El Dorado, by 24-20, won the 2011 6A title rematch with Lake Hamilton. In itself, that avenged a 31-24 Lake Hamilton road victory over the Wildcats in the regular season. It is not a game that many Wolf boosters remember fondly.

Lake Hamilton, flush with talented seniors, never seemed to play with the assurance that characterized a 12-2 season in which its other loss came in a shootout with Pulaski Academy. A late interception on the El Dorado goal line swung things for the Wildcats, who added a state championship (the school's ninth) in 2013.

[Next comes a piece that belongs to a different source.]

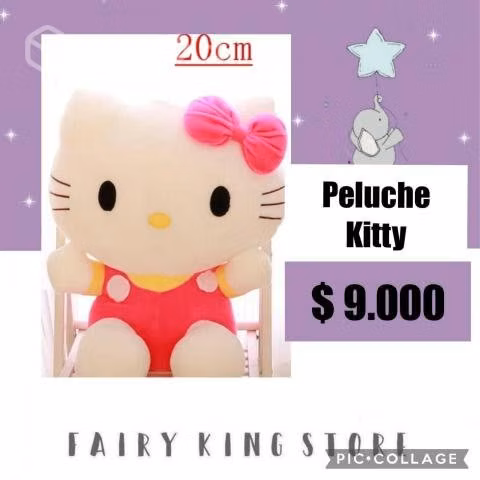 Peluche Kitty 2cm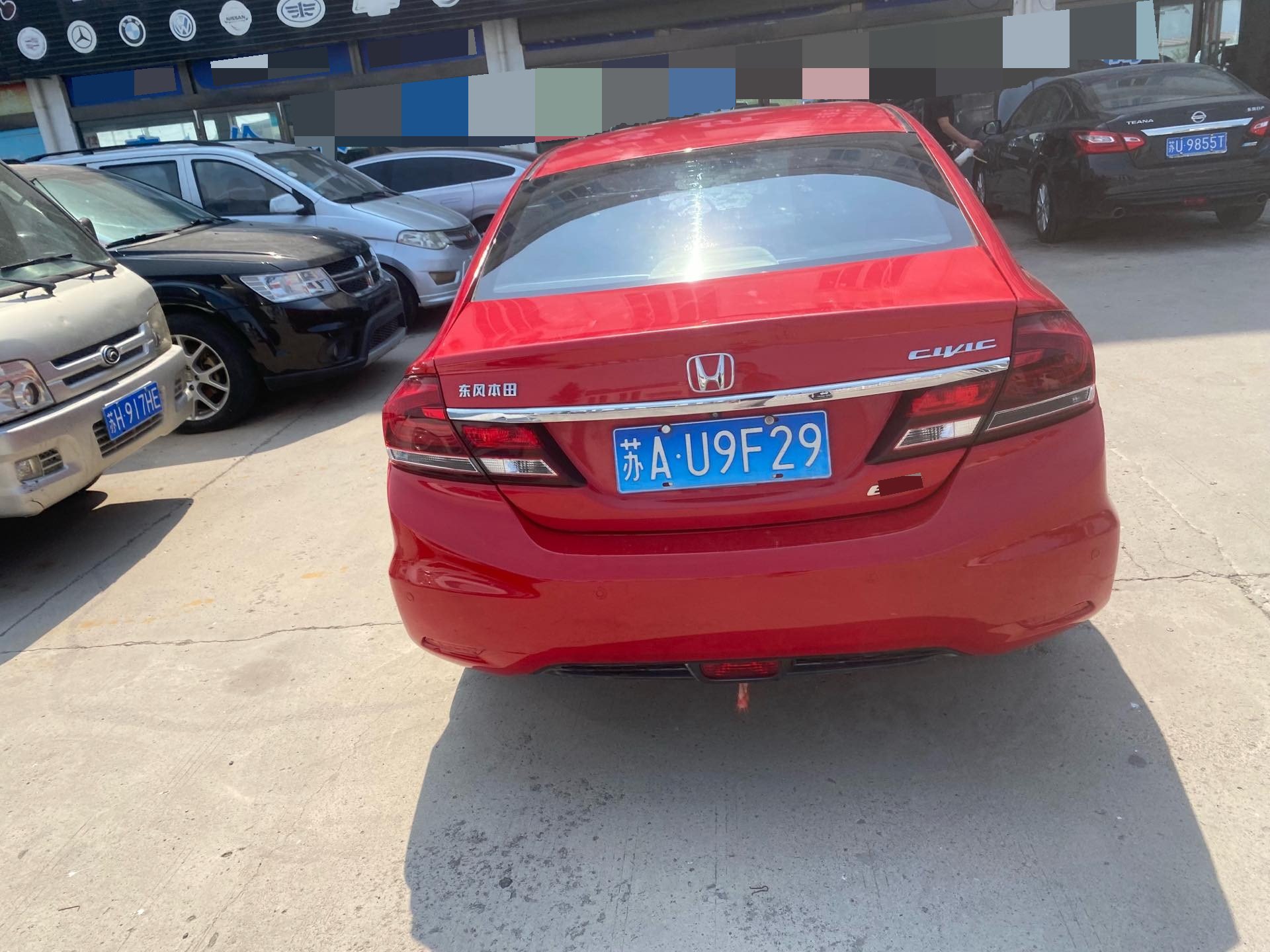 Honda 2014 Civic 1.8 EXi Comfort Version — 7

Teams coached by Clay and Reed played classics similar to that Reed's father, Bill Reed, waged against Hot Springs and Joe Reese, first as a Jonesboro assistant to Don Riggs and later as head coach at Jacksonville and Texarkana.

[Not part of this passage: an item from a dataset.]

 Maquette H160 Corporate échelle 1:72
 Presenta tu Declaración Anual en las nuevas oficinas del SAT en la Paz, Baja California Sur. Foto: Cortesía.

Reed is in his third season at Class 7A Cabot, where Mike Malham Jr. (another coach's son) won big for years out of the dead-T. The 8-3 Panthers, bouncing back from a November loss to North Little Rock, play at Fayetteville tonight in the second round of the playoffs.

Clay never got back to the finals, having coached Lake Hamilton to a 14-0 record and the school's first state title in 1992. He retired after the 2015 season, after which Lake Hamilton hired an Oklahoma man who took the Wolves to the playoffs but left after one season. That Lake Hamilton passed on Gilleran, an alum with a state title under his belt (2009 at Fountain Lake), remains a dizzying decision.

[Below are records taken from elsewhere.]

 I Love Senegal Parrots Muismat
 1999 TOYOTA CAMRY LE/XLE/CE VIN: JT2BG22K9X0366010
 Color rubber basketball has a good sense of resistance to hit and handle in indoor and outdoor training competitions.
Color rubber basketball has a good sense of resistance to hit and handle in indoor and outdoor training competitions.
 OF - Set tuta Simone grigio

Gilleran, good sport that he is, said later it worked out for the best, that he might not have been ready to come home. Lake Hamilton is glad that he did and should reap the benefits for years.

The Wolves enter tonight's game 9-2, beating West Memphis 41-6 in a first-round game last week. Hootens.com favors Lake Hamilton by two points over 8-2 El Dorado, which enjoyed a first-round bye as 6A-East runner-up.

Generally a running team, Lake Hamilton gave El Dorado something else to think about after sophomore Easton Hurley passed for 219 yards against West Memphis. Those are space-age numbers for a team that runs it 84% of the time and gains 7.3 yards per carry behind a line averaging 279 pounds. Come to think of it, Gilleran's Fountain Lake teams, also ground oriented, were known to complete a clutch pass.

Gilleran jazzed up the Wolves' offense after Lake Hamilton did not complete a pass in its 35-0 Week 10 loss at Greenwood. That followed a 42-41 home loss to Benton, which spoiled a two-point conversion late. Tonight's winner in Union County plays the Benton-Marion winner in the semifinals, Lake Hamilton getting a home game if it and the Marion Patriots prevail tonight.

People close to the program say these Lake Hamilton players are exceptionally close and locked in on improvement. They are three wins away from a third state championship, weeks after the school won its 13th state title in boys cross country. Their fans, after repeated forays to northwest Arkansas this season, visit the state's southern tip next. Travel alert: Watch out for deer on the highways.

Both teams are working on a schedule that takes them to War Memorial Stadium in December.